In short, the Tomb of Caragthax the Reaver provides an interesting, if short, adventure, easy to insert into almost any campaign.

Spoilers Below

The adventure has three different plot hooks that allow it to be put into almost any campaign. The first one, which to me feels the most natural and the way the adventure is geared toward using, offers all a good adventuring party needs: a poor, lost girl, a town in need, and a gold reward. The other two allow the adventure to be slipped in between two destinations in the main campaign. No matter the hook, the PCs end up at a cairn, complete with descriptions, checks and their DCs and information, and even a couple of simple maps for the DM to envision for any other description needed.

The trapped entrance is great and creative, and the crypt thing waiting at the bottom to split the party is a well-thought out ambush. The tactics and play-by-play sections lay out exactly what the enemies will do given a number of circumstances, including if any of the players resist the Teleportation Burst.

The little girl provides a surprising, if dark, twist. Players used to rushing in to aid the weak and the poor may find that this little girl is no longer weak, nor on their side.

The last few pages at the end contain stat blocks for all the monsters in the encounter, conveniently scaled for three encounter levels (3-4, 5, and 6-7) so DMs can easily change the difficulty level of the encounters with ease depending on the party. In addition, just about anything a DM would need to look up is linked to d20pfsrd, making it easy for DMs who use computers to instantly have the information at the ready instead of having to hunt through various books for the information.

All in all, the Tomb of Caragthax is solidly-written, easy to prepare, and fun to run, both for the DM and for players.


The Tomb offers Bones and some Meat!

4/5

TPK Games has created a supply for an interesting need many GM’s have to face: drag and drop game supplements. Without getting into any spoilers, allow me to go a little more in-depth into what this adventure has to offer:
-Clean, well, edited, nicely laid-out adventure booklet of twenty pages, including illustrations, maps, and a new magic item property!
-A well-presented sliding-scale challenge system for the core mechanics around the encounters within the adventure
-A self-contained monstrous ecosphere which can easily be worked into any existing campaign setting or string of adventures.
-A couple of adventure hooks (which add a good deal of flavor in resolution)

The challenge level is appropriate, and there is even some unique monster ability finagling. I would highly recommend this module to GM’s looking to populate an area in their campaign world with a nifty encounter, and, possibly, build up on some of the baseline info in the module to create extra flavor in your campaign. Additionally, a GM looking to fill a gaming slot evening quickly with something that is not boring boilerplate, and not some random-generation encounter could do well with this module. I’d say twenty minutes prep to read and familiarize, and maybe ten minutes to put your “custom finish” on it.

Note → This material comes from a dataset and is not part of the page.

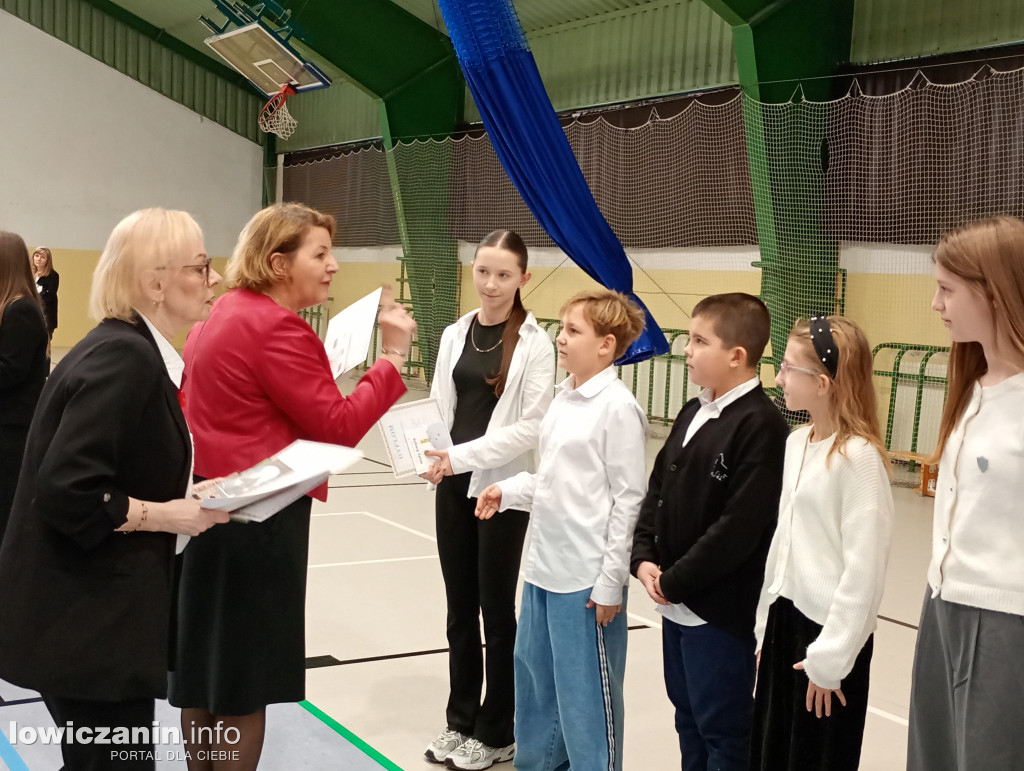 Obchody 11 listopada w Szkole Podstawowej nr 2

I could very easily see this module used as a directional placekeeper in a campaign that has just broken thread - ancient crypts are great for that, and this one offers some characters/situations that could be built up on with very little work - one of the _benefits_ is that the framework is there for you to flesh out, without the need to rewrite everything to fit your world.

Good value for the price, and good game for the value. I would have loved to see some more plot hooks, and perhaps a couple more traps in the mix, but, overall, quite satisfying!

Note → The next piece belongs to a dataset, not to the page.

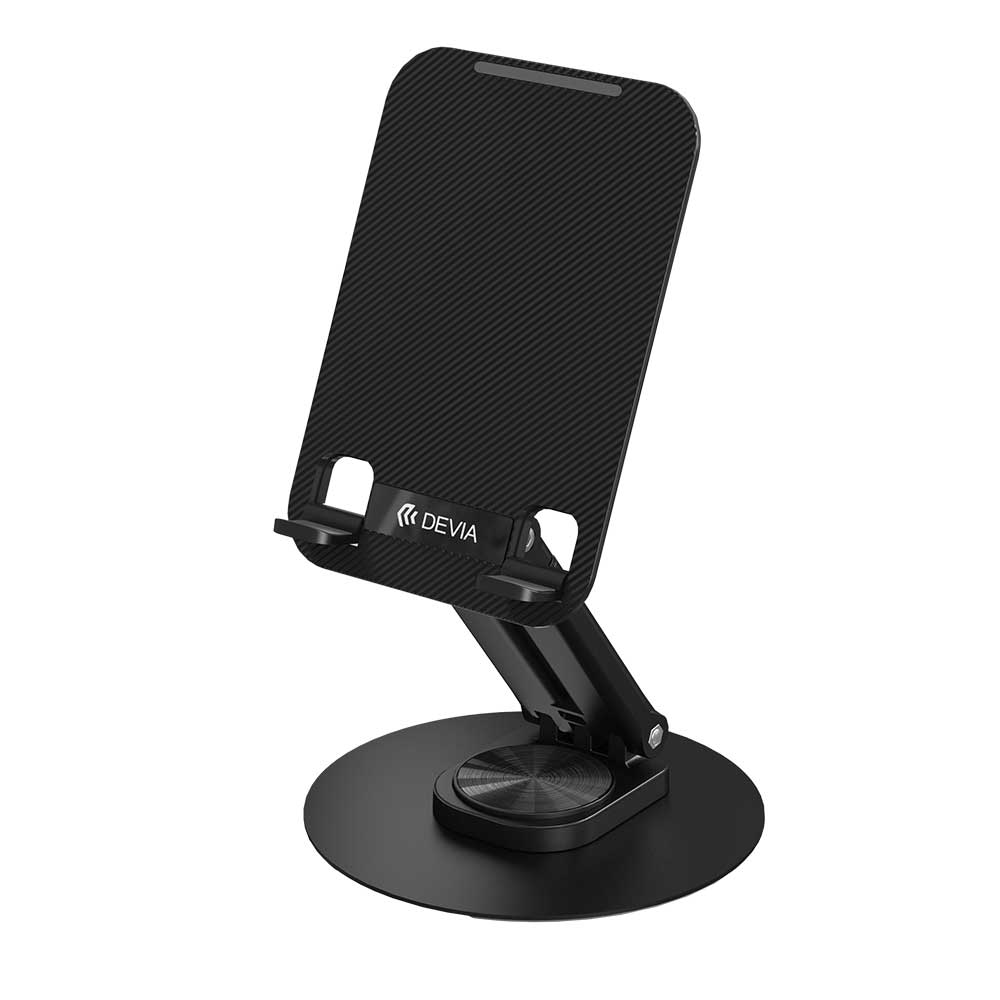 پایه نگهدانده تبلت دیویا 360° Rotation Folding Stand For Tablet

Excellent encounter, but not enough content

2/5

This first adventure module by TPK Games, this pdf is 20 pages long - 1 page front cover, 1 page editorial, 1 page SRD and 1 page back cover, leaving 16 pages of content for this adventure.

This being an adventure review, it contains

SPOILERS.

Potential players might want to jump to the conclusion.

Still here? All right!

Grave Undertakings are designed to be hard and this one clocks in at 3 tombstones, so expect a challenge here - The PCs get recruited by a town to find a missing girl, stumble across the adventure etc. - 3 adventure hooks are provided and they all have in common that, via some way or another, they'll lead to PCs to the entrance of a burial cairn. A mini-map is provided for the top of the cairn, which makes for a nice service. The cairn is unfortunately the final resting place of Caragthax, a vile warlord who had his treacherous lieutenants buried alive alongside himself.

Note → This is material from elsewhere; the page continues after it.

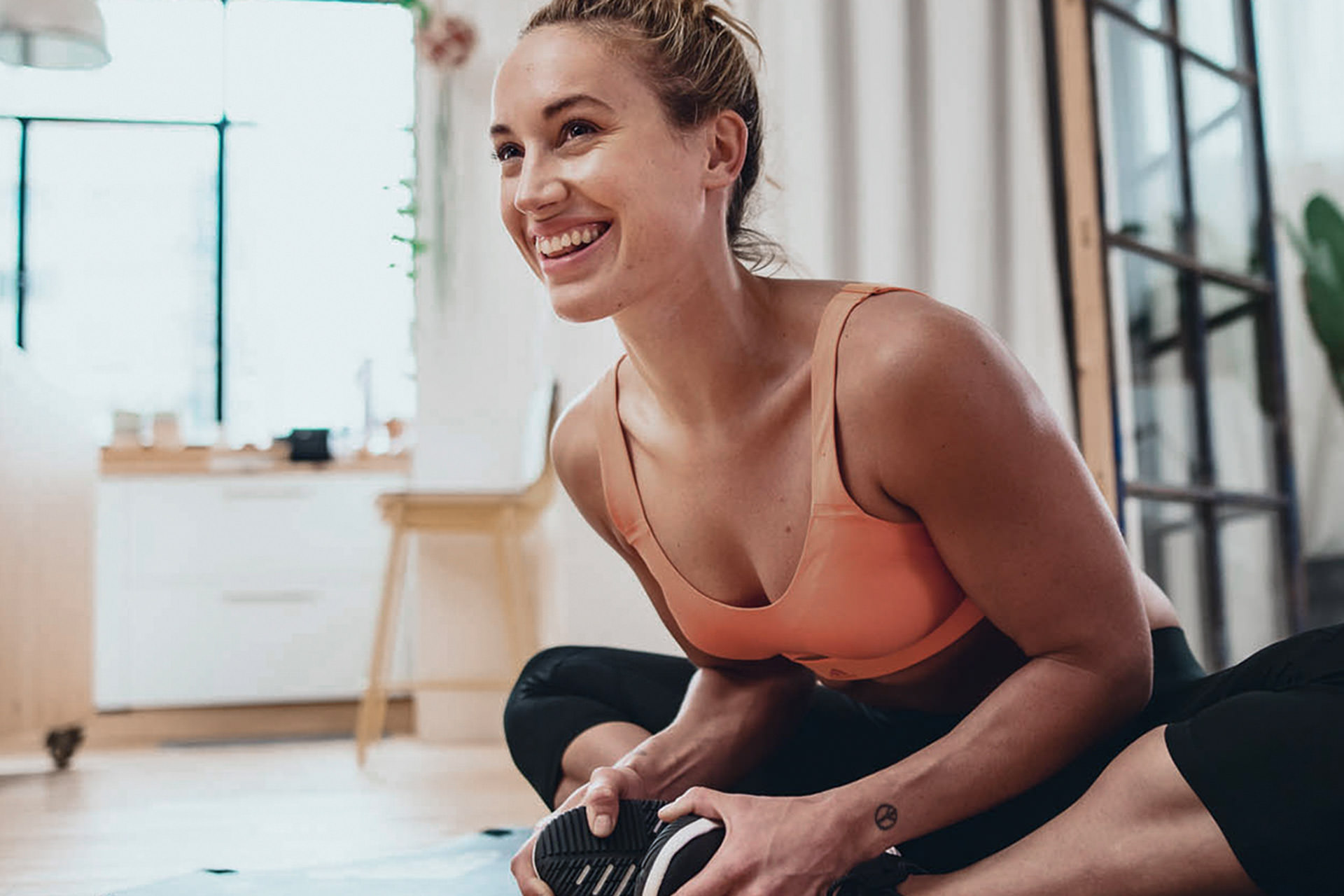 adidas – Home Workout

The cairn is a deathtrap indeed - the stairs down are greased and once the PCs arrive in a heap, a special crypt thing with faster teleportation abilities than usual will try to split the party: The cairn is round and the tombs of the 7 buried lieutenants are aligned in a concentric ring around the central hall. Each of the minor tombs features a locked stone door as well as a ghoulish inhabitant who wants to eat the now separated PCs - one of the tombs includes the now undead girl instead of the original ghoul, if you're using that angle and are in for some dark twist, that is. After hopefully defeating their foes/escaping to the central room (arcanists will be especially hard-pressed to survive in close quarters against the ghouls), they'll have to face off against the tricky crypt thing, now supported by the remaining ghouls and, after defeating the undead, the rising Caragthax. Once the undead reaver has found final death at their hands, the PCs have completed this grave undertaking. The cairn gets a nice one-page map.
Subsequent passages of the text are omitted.